**DATASET EXTRACT**
=== Section Start ===

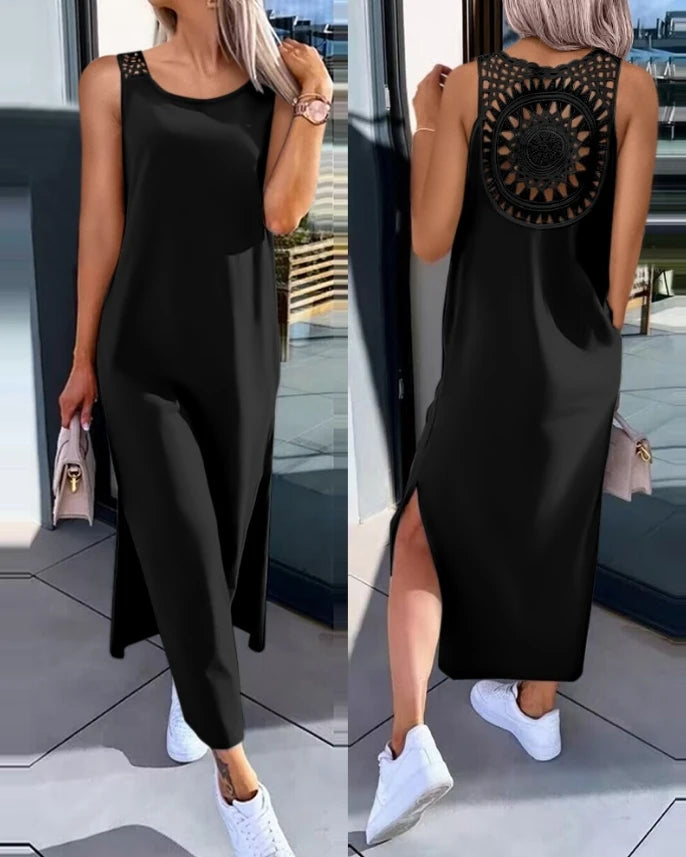 Women's Sleeveless round Neck Mid-Calf Dress Summer 2024 Fashion Slit Hollow-Out Casual Straight Dress for Daily Wear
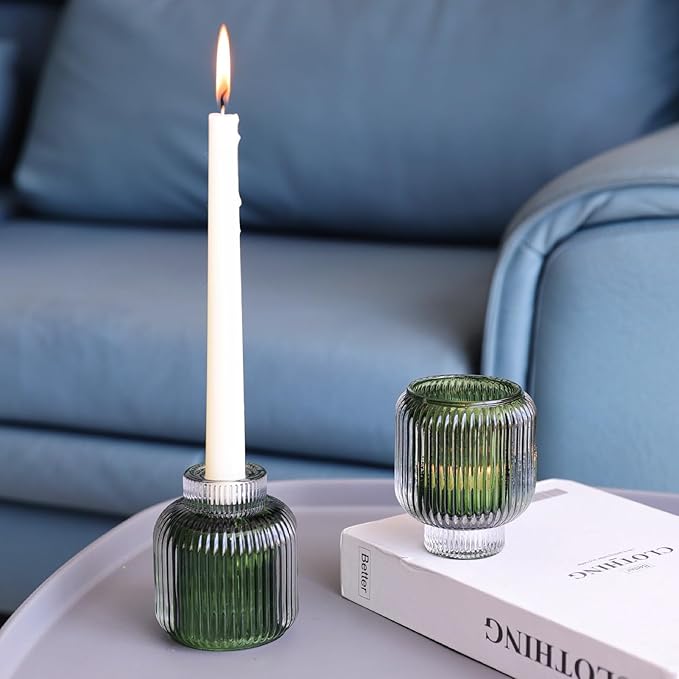 Woho Green Votive Candle Holders Set of 2(3.5" H x 3.1" W), Ribbed Tealight Candle Holder Vintage for Christmas Dinner Table, Reversible Tea Lights Candle Holder Glass for Living Room Home Decor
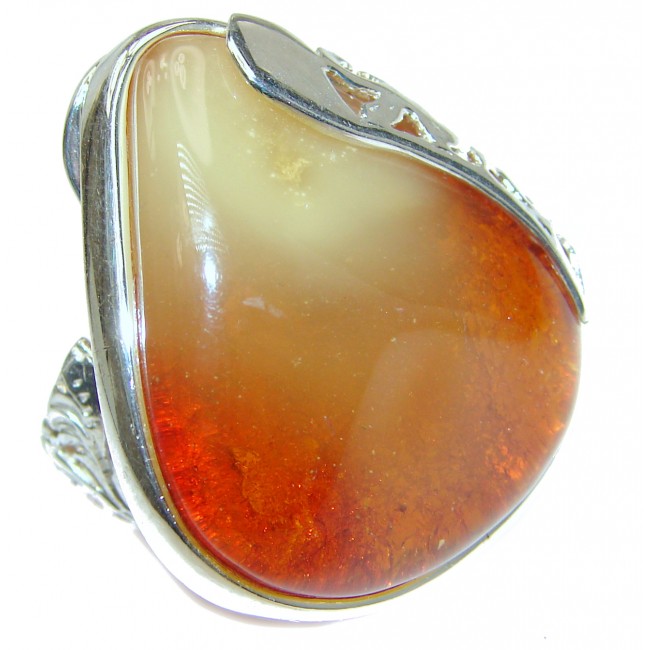 Beautiful Huge Authentic Baltic Amber .925 Sterling Silver handcrafted ring; s 8 adjustable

=== Section End ===

Write out the lines from the start of the material to the line with "Woho Green Votive", inclusive and exactly. Skip the pictures.

 Women's Sleeveless round Neck Mid-Calf Dress Summer 2024 Fashion Slit Hollow-Out Casual Straight Dress for Daily Wear
 Woho Green Votive Candle Holders Set of 2(3.5" H x 3.1" W), Ribbed Tealight Candle Holder Vintage for Christmas Dinner Table, Reversible Tea Lights Candle Holder Glass for Living Room Home Decor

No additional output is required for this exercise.